> **Problem details**:
Only an exact repetition of the lines from the one holding "large plant leaves" to the end of the data is wanted, with pictures left out.

> **Source data**:
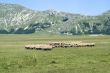Sheeps at Campo Imperatore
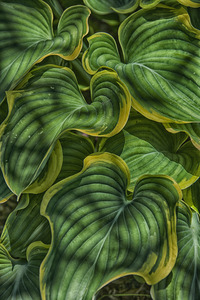 large plant leaves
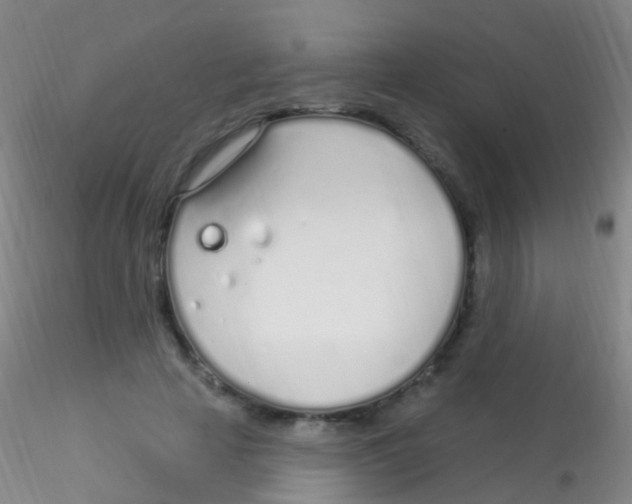 X0000115220641200911251532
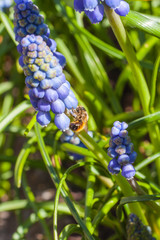 Close up view of Grape Hyacinth with bee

> **Exercise solution**:
 large plant leaves
 X0000115220641200911251532
 Close up view of Grape Hyacinth with bee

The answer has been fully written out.